Problem statement
Copy each line below containing "female".

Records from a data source
· · · ·

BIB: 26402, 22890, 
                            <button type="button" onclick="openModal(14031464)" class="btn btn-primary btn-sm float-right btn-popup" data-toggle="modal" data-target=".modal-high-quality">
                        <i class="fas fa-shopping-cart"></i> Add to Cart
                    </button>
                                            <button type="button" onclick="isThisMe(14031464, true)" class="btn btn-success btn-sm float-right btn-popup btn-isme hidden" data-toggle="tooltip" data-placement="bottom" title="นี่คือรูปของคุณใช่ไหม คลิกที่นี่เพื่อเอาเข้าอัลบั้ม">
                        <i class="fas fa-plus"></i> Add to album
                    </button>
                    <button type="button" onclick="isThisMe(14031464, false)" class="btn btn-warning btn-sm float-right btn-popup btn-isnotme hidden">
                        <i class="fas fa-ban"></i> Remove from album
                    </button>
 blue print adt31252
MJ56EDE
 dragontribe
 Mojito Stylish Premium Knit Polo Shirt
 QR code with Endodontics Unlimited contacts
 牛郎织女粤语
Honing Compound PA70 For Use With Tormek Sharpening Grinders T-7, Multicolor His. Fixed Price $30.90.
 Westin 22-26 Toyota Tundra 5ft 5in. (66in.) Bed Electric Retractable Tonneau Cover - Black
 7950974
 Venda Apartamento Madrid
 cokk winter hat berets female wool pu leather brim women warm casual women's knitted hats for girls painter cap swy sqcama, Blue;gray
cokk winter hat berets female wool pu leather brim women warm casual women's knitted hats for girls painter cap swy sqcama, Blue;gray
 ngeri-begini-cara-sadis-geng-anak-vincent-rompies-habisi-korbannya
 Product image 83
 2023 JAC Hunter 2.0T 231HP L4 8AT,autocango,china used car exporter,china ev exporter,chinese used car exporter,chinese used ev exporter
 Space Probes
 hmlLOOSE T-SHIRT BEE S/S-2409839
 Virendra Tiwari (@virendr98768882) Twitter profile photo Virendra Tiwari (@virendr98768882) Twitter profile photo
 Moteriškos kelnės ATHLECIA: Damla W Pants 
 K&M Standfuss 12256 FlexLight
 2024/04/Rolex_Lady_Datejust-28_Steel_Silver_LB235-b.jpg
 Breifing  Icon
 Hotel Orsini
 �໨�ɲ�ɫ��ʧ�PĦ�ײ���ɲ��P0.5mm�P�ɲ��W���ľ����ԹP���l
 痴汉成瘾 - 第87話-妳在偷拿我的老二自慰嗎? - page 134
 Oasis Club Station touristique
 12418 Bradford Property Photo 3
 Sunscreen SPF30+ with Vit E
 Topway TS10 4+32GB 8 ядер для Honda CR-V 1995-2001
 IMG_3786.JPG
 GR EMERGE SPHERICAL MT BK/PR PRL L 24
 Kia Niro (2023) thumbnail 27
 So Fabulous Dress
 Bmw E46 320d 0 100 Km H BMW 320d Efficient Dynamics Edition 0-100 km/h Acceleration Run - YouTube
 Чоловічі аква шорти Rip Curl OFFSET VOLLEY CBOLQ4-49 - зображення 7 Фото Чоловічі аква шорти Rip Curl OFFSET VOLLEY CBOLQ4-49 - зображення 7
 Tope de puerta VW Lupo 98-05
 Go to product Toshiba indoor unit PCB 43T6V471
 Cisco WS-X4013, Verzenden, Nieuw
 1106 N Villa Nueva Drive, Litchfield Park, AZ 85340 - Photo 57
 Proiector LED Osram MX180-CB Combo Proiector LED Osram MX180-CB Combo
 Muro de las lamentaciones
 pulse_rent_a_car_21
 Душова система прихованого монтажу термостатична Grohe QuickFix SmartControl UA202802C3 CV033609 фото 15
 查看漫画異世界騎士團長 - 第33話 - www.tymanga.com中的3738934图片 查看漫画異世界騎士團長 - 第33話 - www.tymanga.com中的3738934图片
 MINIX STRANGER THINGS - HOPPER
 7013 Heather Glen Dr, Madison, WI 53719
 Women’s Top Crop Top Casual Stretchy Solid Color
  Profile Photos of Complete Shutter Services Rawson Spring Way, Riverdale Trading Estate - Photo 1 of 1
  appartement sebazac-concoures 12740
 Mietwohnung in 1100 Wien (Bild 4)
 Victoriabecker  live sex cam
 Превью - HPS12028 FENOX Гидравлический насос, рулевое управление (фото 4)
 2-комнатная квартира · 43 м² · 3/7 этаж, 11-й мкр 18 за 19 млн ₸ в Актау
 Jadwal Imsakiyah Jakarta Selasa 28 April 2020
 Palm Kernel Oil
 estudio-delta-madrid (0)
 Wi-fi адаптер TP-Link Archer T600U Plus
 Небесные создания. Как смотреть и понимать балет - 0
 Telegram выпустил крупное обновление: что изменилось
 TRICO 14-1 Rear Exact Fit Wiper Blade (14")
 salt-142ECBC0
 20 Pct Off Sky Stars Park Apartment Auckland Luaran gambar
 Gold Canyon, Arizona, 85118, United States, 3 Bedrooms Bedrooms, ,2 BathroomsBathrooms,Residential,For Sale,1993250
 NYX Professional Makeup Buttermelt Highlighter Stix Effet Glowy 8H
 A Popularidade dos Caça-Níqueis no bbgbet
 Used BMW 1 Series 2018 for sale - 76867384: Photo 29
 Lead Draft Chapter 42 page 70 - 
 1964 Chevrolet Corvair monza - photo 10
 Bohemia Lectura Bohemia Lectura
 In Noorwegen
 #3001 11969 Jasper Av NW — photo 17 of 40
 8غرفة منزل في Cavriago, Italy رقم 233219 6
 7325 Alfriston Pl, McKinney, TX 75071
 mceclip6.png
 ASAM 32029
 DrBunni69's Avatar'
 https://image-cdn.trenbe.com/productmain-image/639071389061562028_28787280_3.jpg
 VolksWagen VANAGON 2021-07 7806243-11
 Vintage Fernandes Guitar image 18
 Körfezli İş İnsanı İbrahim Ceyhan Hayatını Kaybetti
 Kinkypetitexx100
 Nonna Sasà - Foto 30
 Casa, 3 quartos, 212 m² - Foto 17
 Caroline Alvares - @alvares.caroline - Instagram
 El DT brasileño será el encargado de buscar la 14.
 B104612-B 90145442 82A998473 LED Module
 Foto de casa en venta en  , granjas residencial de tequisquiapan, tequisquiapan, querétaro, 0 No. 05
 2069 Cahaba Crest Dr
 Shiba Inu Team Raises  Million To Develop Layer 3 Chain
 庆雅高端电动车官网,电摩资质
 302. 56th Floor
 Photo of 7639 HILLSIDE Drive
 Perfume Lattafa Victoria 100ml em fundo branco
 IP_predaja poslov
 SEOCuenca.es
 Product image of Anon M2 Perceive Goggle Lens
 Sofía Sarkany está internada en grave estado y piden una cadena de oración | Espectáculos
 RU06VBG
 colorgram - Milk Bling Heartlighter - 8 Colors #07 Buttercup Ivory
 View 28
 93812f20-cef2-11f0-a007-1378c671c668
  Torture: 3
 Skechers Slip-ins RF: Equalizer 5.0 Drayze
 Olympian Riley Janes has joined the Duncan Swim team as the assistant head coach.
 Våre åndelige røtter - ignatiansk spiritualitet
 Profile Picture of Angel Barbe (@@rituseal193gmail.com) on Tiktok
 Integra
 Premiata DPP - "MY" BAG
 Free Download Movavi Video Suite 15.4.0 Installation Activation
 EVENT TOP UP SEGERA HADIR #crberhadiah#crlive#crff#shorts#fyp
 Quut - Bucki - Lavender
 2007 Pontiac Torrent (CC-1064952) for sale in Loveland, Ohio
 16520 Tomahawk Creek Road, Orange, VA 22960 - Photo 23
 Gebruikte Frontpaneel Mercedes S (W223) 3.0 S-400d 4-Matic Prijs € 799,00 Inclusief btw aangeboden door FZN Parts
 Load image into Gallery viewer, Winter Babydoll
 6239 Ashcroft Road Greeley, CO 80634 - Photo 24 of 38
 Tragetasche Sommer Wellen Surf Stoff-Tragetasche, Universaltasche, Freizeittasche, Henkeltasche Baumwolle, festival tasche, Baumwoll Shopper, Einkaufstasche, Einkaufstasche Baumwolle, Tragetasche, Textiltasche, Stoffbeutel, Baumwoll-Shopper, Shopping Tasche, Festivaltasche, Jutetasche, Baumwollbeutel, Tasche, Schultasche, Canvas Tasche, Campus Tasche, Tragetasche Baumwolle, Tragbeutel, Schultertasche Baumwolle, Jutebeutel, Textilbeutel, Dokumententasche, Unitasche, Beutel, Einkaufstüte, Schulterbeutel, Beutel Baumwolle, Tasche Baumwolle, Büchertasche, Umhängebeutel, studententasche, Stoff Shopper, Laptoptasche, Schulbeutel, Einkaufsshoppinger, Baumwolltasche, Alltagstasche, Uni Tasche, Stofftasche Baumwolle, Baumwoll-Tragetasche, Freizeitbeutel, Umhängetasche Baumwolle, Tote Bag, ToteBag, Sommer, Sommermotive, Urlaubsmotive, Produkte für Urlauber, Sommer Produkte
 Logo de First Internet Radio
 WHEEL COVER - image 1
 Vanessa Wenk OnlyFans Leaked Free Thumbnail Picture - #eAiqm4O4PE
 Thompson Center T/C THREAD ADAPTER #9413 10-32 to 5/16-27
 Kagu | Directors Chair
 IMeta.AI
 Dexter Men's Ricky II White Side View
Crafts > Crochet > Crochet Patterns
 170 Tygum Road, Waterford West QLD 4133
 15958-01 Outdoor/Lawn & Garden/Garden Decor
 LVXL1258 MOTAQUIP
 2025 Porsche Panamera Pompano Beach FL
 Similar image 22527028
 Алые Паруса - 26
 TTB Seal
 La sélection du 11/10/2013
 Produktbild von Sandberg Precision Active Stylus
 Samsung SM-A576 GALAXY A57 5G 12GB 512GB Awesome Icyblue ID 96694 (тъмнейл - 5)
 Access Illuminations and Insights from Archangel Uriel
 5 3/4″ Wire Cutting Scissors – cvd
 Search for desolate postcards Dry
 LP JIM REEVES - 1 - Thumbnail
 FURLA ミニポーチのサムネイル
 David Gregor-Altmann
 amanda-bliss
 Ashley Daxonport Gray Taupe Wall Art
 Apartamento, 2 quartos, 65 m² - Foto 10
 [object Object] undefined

· · · ·

Reply
 cokk winter hat berets female wool pu leather brim women warm casual women's knitted hats for girls painter cap swy sqcama, Blue;gray
cokk winter hat berets female wool pu leather brim women warm casual women's knitted hats for girls painter cap swy sqcama, Blue;gray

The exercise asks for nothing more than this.